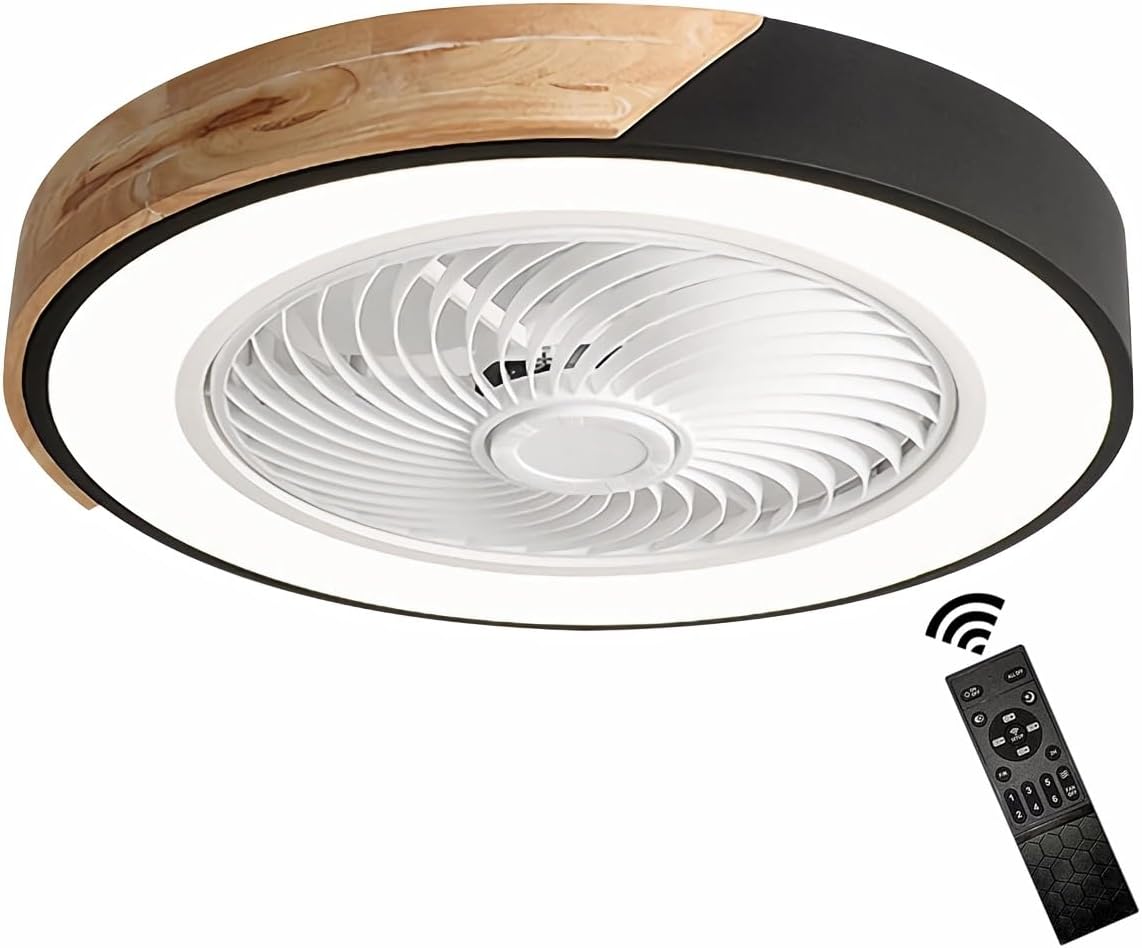 GaoHX Holz Deckenventilator mit Beleuchtung, Timer Leise Ventilator lampe, LED-Beleuchtung, Holz/Schwarz/Weiß, dimmbares Licht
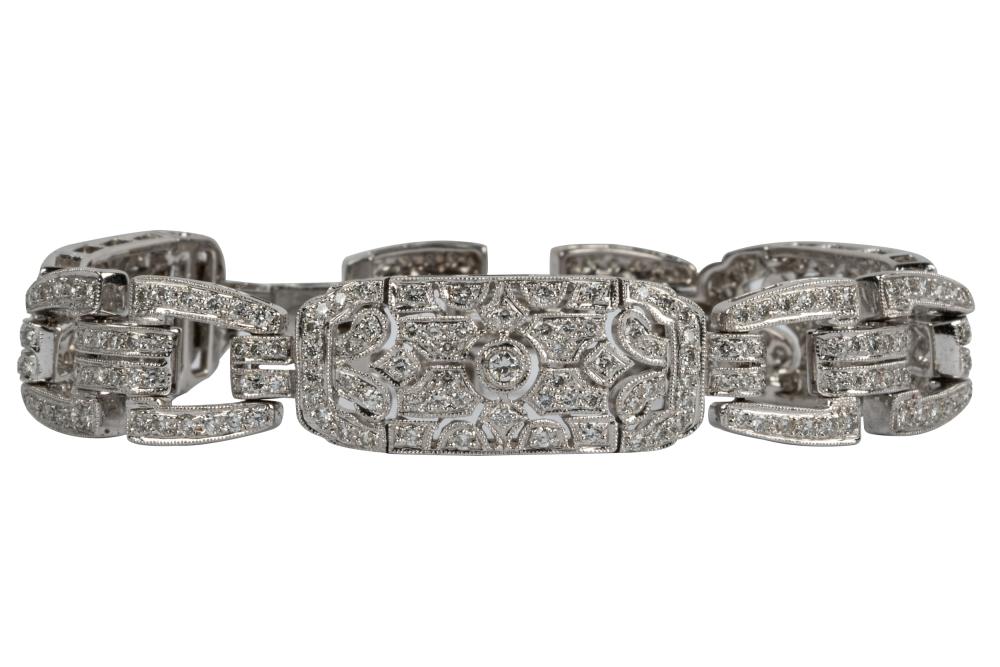 Appraisal: KARAT WHITE GOLD DIAMOND ART DECO STYLE BRACELETcontaining three full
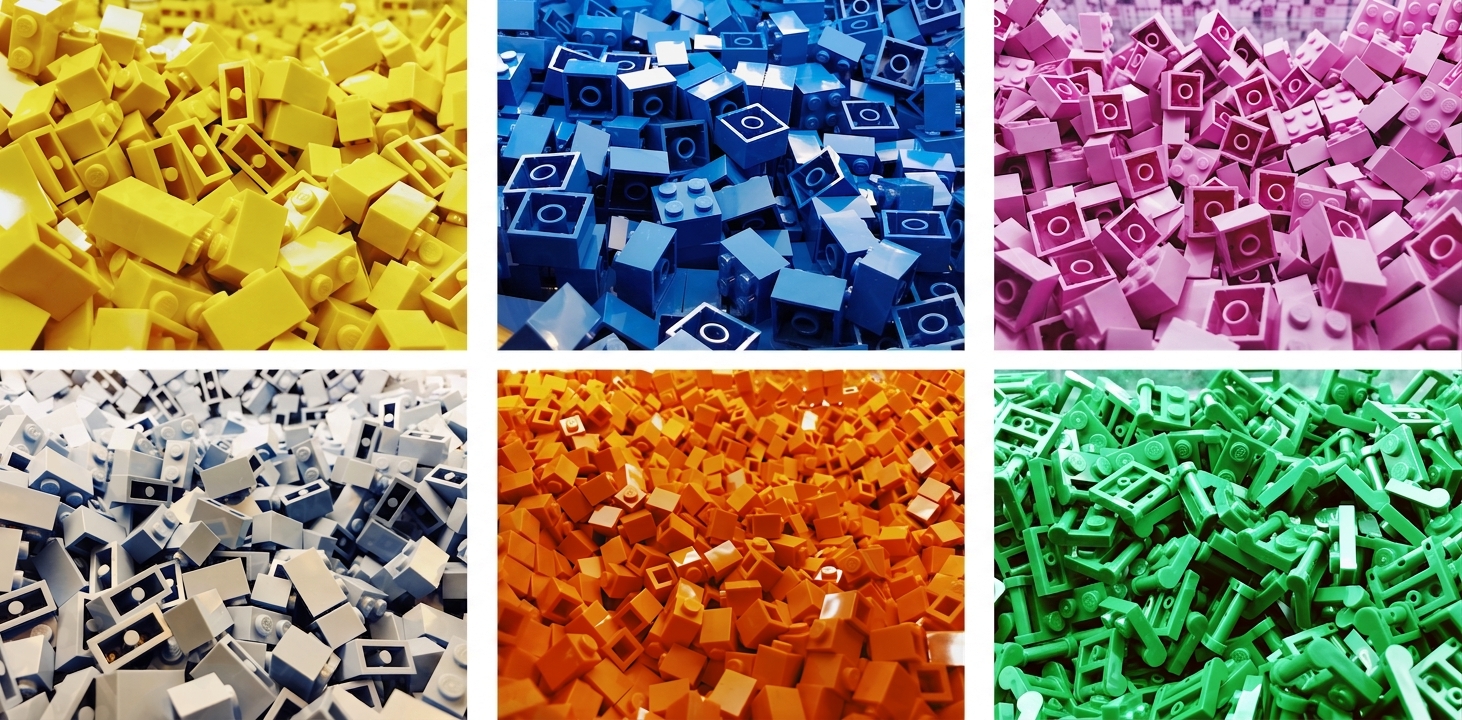 無造作に積み重なったレゴブロックの画像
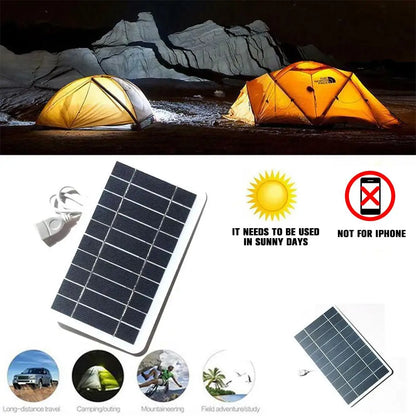 Portable 5V 2W Solar Panel USB Charger, 400mA Output, Outdoor Emergency Phone Charger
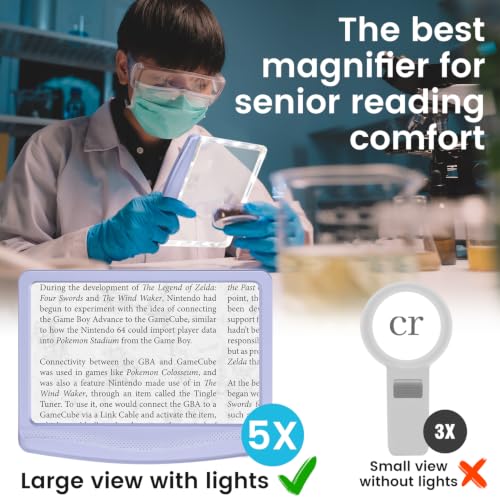 Rechargeable 5X Magnifying Glass for Reading, Large Bright Full Page Magnifier with Light, Handheld LED Dimmable Lighted, Lightweight Book Magnifier for Reading Small Prints Seniors - Purple - color: Purple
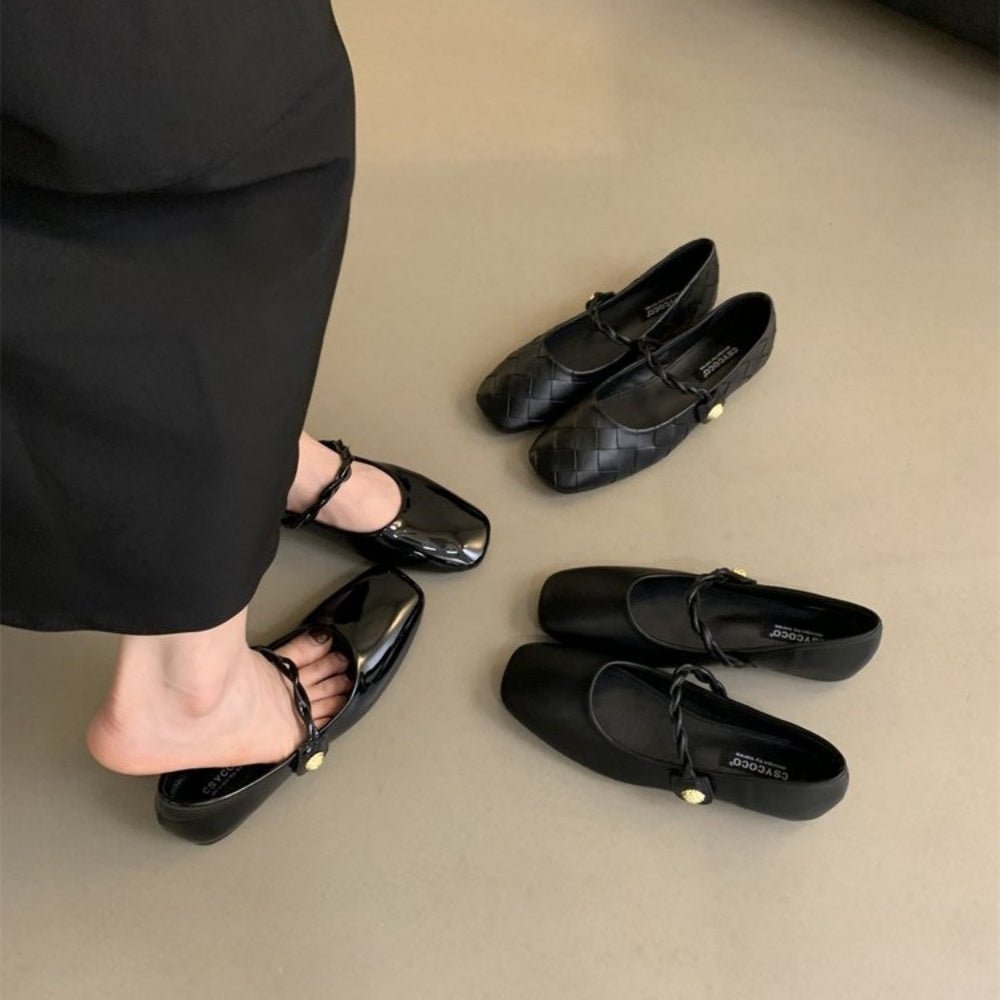 合皮ストラップローヒールパンプス｜オフィスカジュアル レディース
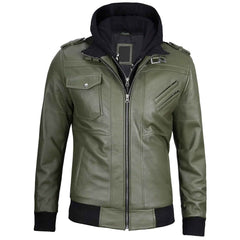 Vintage Handcrafted Men's Military Green Leather Jacket with Removable Hood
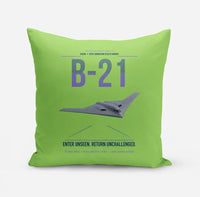 Thumbnail for B-21 Raider design on light green pillow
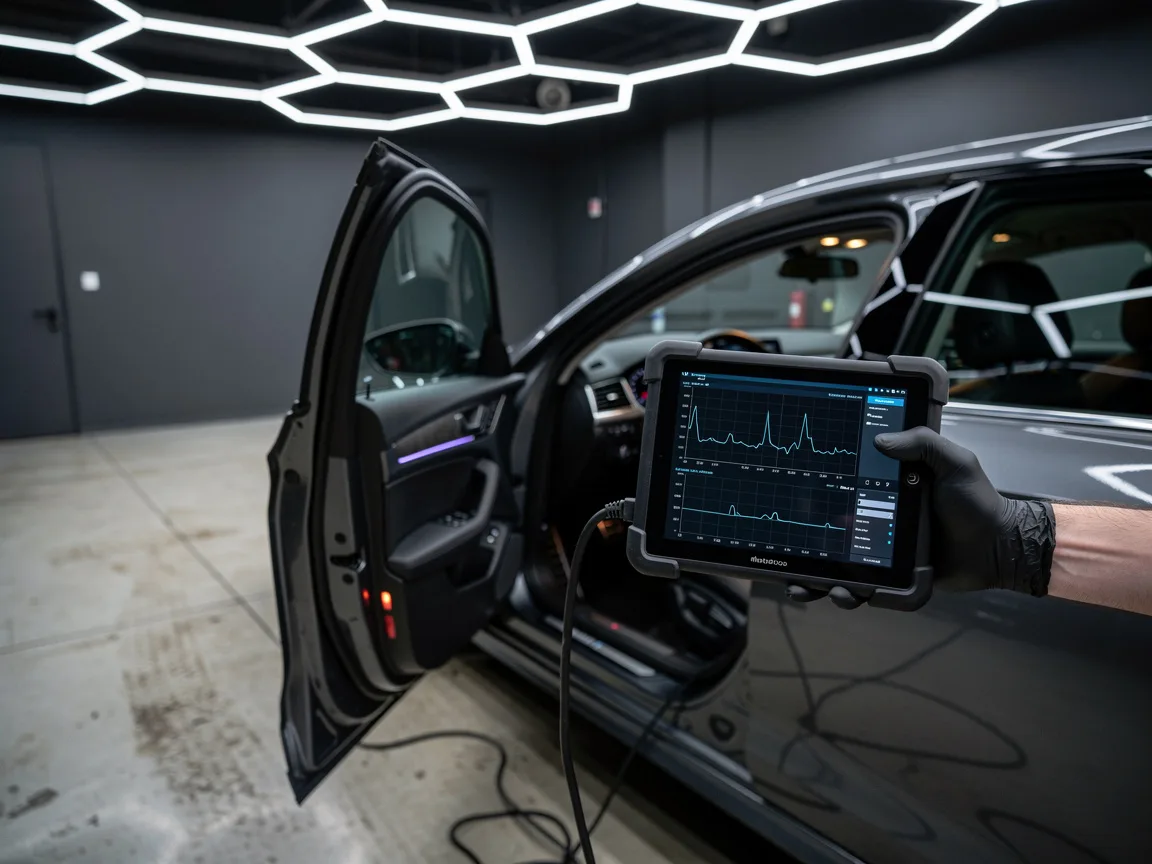 Sample image of a diagnostic scan tool plugged into a car
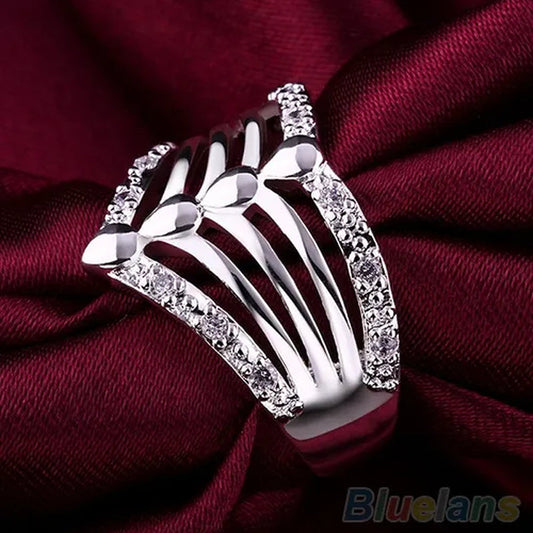 Women's Men's 925 Sterling Silver Multilayer Wedding Party Crystal Wide Ring Size 8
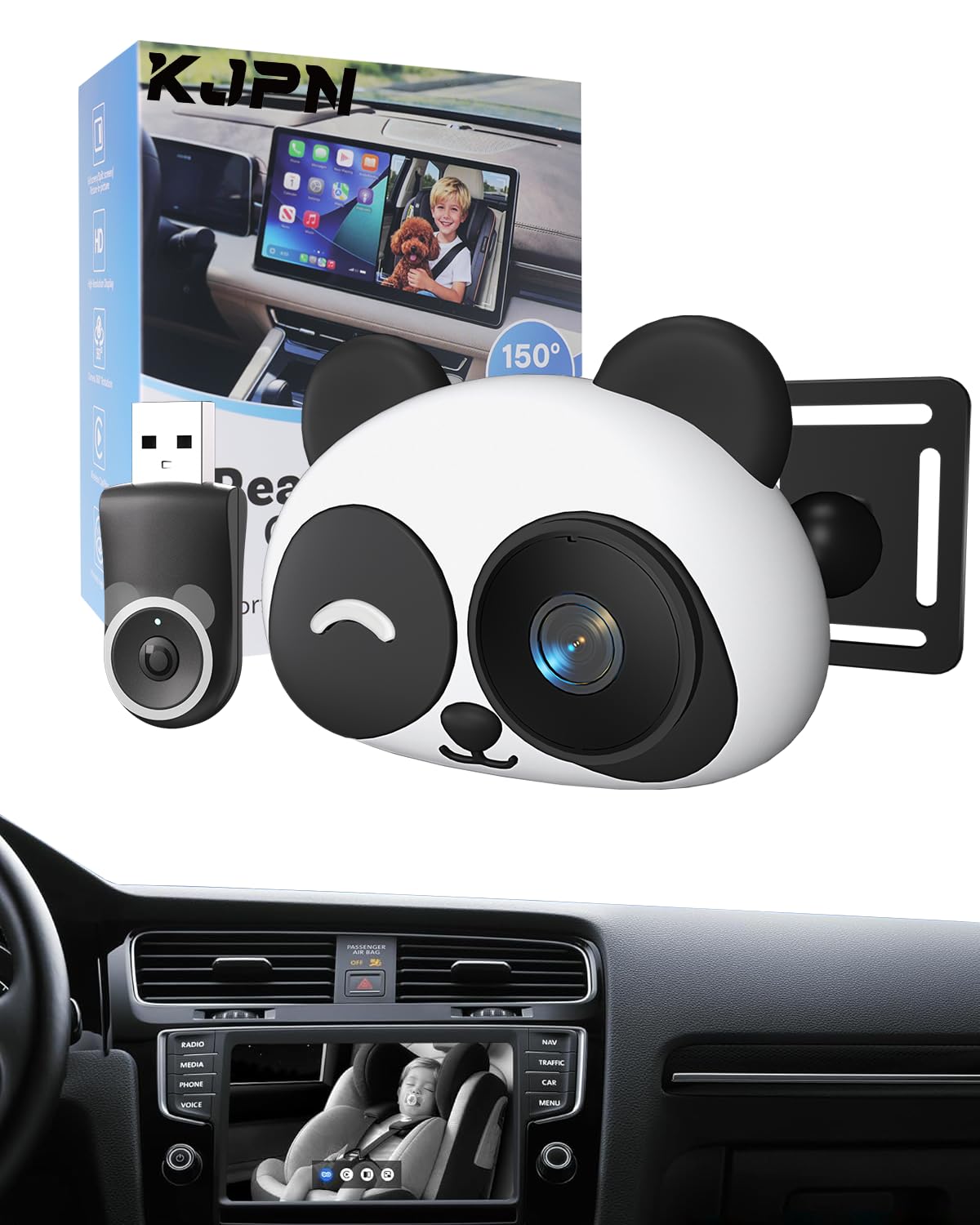 KJPN CarPlay Baby Monitor front view for safe backseat monitoring during drives
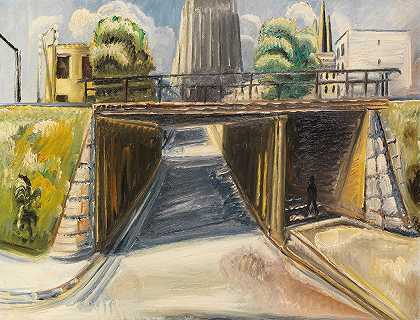 乌尔姆桥下`Unterführung in Ulm (1933) by Paul Kleinschmidt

REQUIRED WORK -
Would you mind repeating the records above exactly, without the pictures?

EXERCISE SOLUTION -
 GaoHX Holz Deckenventilator mit Beleuchtung, Timer Leise Ventilator lampe, LED-Beleuchtung, Holz/Schwarz/Weiß, dimmbares Licht
 Appraisal: KARAT WHITE GOLD DIAMOND ART DECO STYLE BRACELETcontaining three full
 無造作に積み重なったレゴブロックの画像
 Portable 5V 2W Solar Panel USB Charger, 400mA Output, Outdoor Emergency Phone Charger
 Rechargeable 5X Magnifying Glass for Reading, Large Bright Full Page Magnifier with Light, Handheld LED Dimmable Lighted, Lightweight Book Magnifier for Reading Small Prints Seniors - Purple - color: Purple
 合皮ストラップローヒールパンプス｜オフィスカジュアル レディース
 Vintage Handcrafted Men's Military Green Leather Jacket with Removable Hood
 Thumbnail for B-21 Raider design on light green pillow
 Sample image of a diagnostic scan tool plugged into a car
 Women's Men's 925 Sterling Silver Multilayer Wedding Party Crystal Wide Ring Size 8
 KJPN CarPlay Baby Monitor front view for safe backseat monitoring during drives
 乌尔姆桥下`Unterführung in Ulm (1933) by Paul Kleinschmidt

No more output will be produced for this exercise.